(Trinidad Express) Speaker of the House Wade Mark says the Parliament “wants to get into serious discussions with” Chief Justice Ivor Archie about “the future” of the Port of Spain Magistrates’ Court.
The discussions are to centre around long-term plans for what is being called a “companion” building for the Parliament located north of the Red House.
The building, which Mark says would be “14, 15, 16 storeys” high, is to be built on the block where the Ministry of National Security building, a Regiment post and the Port of Spain Magistrates’ Court as well as a law firm are currently located.
In addition, MPs are to receive iPads—the touch screen tablets (portable computers) that are being used by many instead of laptops.
The Speaker made the disclosures in a TV6 News three-part special report aired last week on the future of the Parliament as it plans for life after the 50th anniversary of this nation’s Independence on August 31.
The Parliament is now housed in Tower D at the International Waterfront Complex in Port of Spain, as its original home—the Red House—undergoes a $241-million-dollar renovation.
A Joint Select Committee of the Parliament (JSC) chaired by Tourism Minister Stephen Cadiz recommended the construction of “a parliamentary companion administrative and business centre” in a report adopted by the end of the second session of the Tenth Parliament in June.
The companion building is estimated to cost TT$205 million.
The Speaker explained the long-term vision for the upgraded Parliament which will not only affect the nearby national security offices.
“So it’s not only the restoration of the Red House. It is also a companion building which could be 14, 15, 16 stories high given the circumstances of our needs,” Mark said.
This means the future Parliament, as envisioned by the Speaker and the JSC, would include the Red House and the entire block across the street bordered by Knox Street to the south, Abercromby Street to the east, Duke Street to the North and St Vincent Street to the west.
A proposal under the People’s National Movement administration for a new Parliament building to be located at that site and for the Office of the Prime Minister to be relocated at the Red House was never implemented.
The JSC which recommended the companion building said in its report that the structure was needed because “the Red House does not have sufficient space, at present, to accommodate all the core functions and requirements of the modern Parliament.
The Speaker said there will also be special facilities for Members of Parliament.
“So that when Members come on a Friday and they have work to do, there can be some cubicle, some office that they can really go to relax and carry out their work and then we want to have a pedestrian walk whereby, for instance, they can leave the companion building and walk straight into the northern wing of the Red House,” Mark said.
He also gave TV6 News an update on the restoration of the Red House.
“We have the assurance that, all things being equal, the weather being included, that we should be able to have some restoration and some occupation, sometime December of 2014, January, February of 2015,” Mark said.
On March 27th, 2008, then Opposition Leader Basdeo Panday was suspended from the House of Representatives for defying a ruling by then House Speaker Barendra Sinanan “that MPs must seek his permission to use electronic devices and that such use must relate to matters being discussed in the Parliament on that day”.

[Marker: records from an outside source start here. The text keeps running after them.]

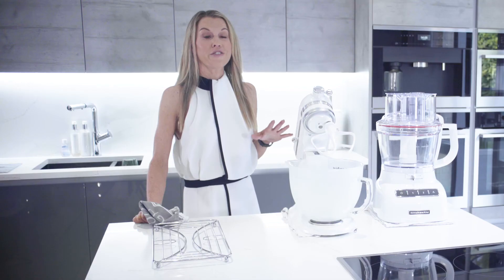So our cauliflower cheese is finally ready, and wait till you see just how amazing this looks.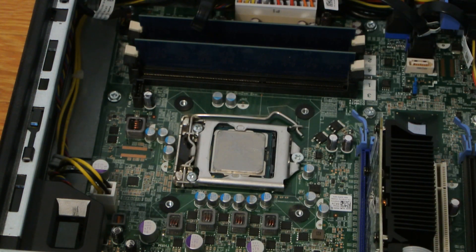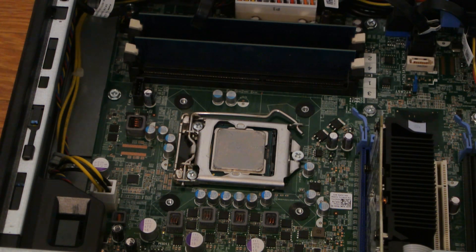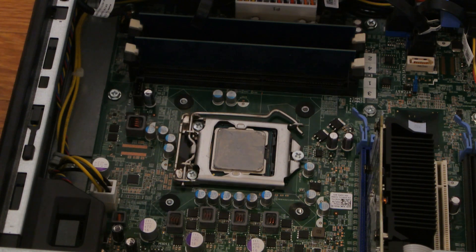The heatsink came right off — very easy. I think I replaced the thermal paste inside this computer in the past and just forgot about it, judging by how the thermal paste feels a little fresh. That's good because it means when I wipe it off, it's going to come off a lot easier. Compare that to a system with 15, 20, or 25-year-old thermal paste that feels like glue — you're going to run into issues because that paste will be very stubborn and hard to remove. To remove that, I like to use something like Orange Glow.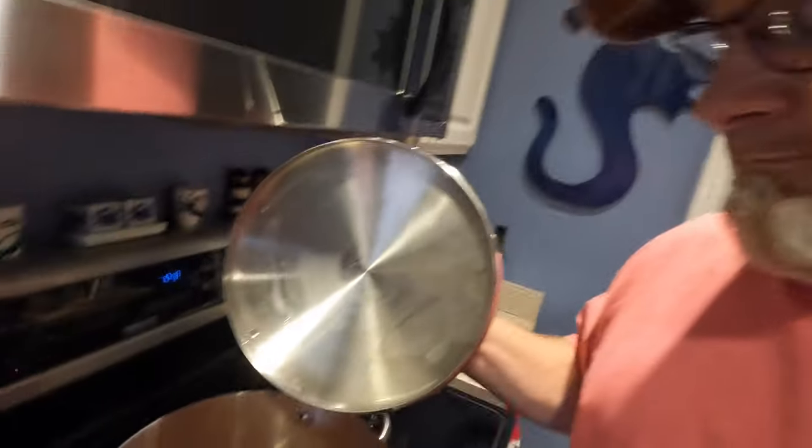Alright, so he screwed everything up by putting beans in it, but this is going to be chunky — I want it hardy, it's cold outside. Once we let it simmer for a couple hours, I'm actually going to watch a stupid football game today at one o'clock with these knuckleheads and we're going to have some chili.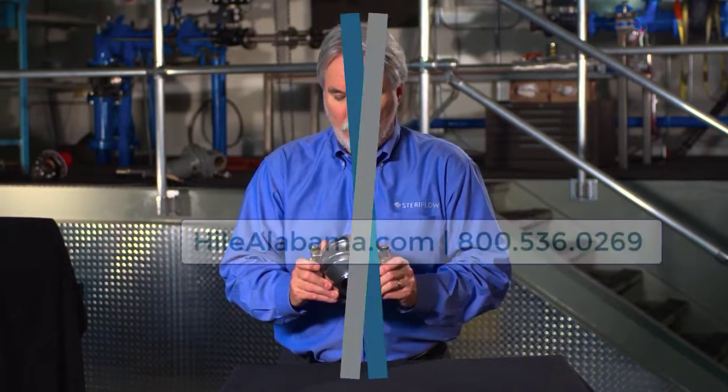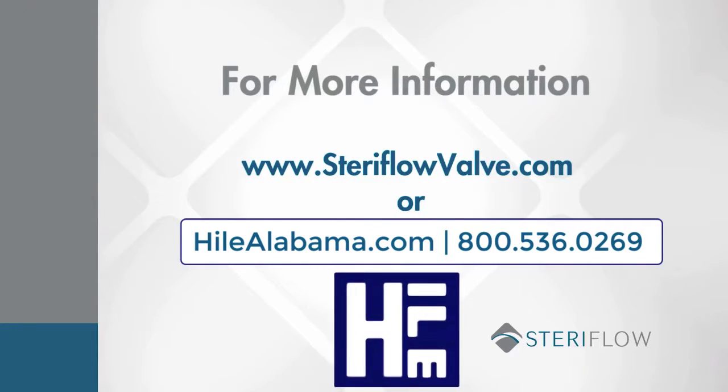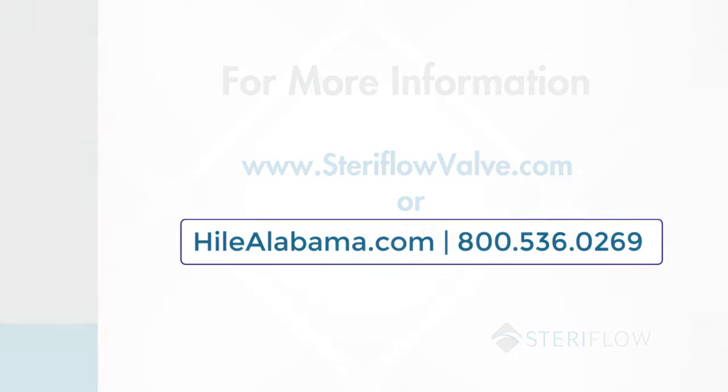So two clear benefits with the Mark 934. If you're interested in reading more, you can go online to sterileflowvalve.com or give us a call. We'd love to talk to you about the Mark 934 and the other clean steam products that we have.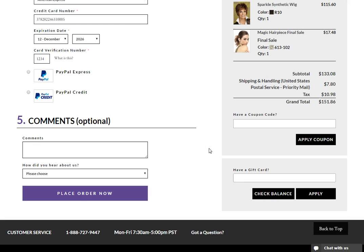Finally, if you have any comments which you want to submit with your order, enter them in the comments box. If you have any coupon codes or gift cards, you can now enter them below your grand total. Now click place order now and you will be taken to the confirmation page.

Panday was using a laptop at the time.
Speaker Mark told TV6 News last week that very soon the Parliament will be providing such technology but will go one step further.
“And we are proposing that by September or November of this year, Members of Parliament will be given iPads. We remove, for instance, what is called the laptop which is very cumbersome for Members of Parliament and in your iPad will be all your documents whether it is the Auditor General’s report, a report from Petrotrin,” Mark said.
Mark said this is all part of a new project called eParliament which is meant to provide an environmentally-friendly paperless environment in the Parliament.
And this is not the only aspect of the Parliament’s operations that are to be upgraded in keeping with the demands of the 21st century.
The Parliament’s Standing Orders which govern the proceedings of the House of Representatives and the Senate came into being in December of 1961.
Mark told TV6 News the committee is considering one proposal which, ironically, is used in the Parliament of the United Kingdom—the country from which we gained independence in 1962.
“One element of it that we are going to put for the members consideration is something called Prime Minister’s time. Where for instance, every week or every fortnight, the Prime Minister would be subject to question time on the spot and not as we now currently have,” Mark said.
He explained that under the existing Standing Orders Opposition MPs “need to get 21 days to qualify” to have their questions to the Prime Minister and all other Ministers answered.
He noted that the upgraded Red House will have two Chambers— one for the House of Representatives and one for the Senate. As such, there will be simultaneous sittings of the Parliament which, according to the Speaker, would have to be a full-time Parliament in the future.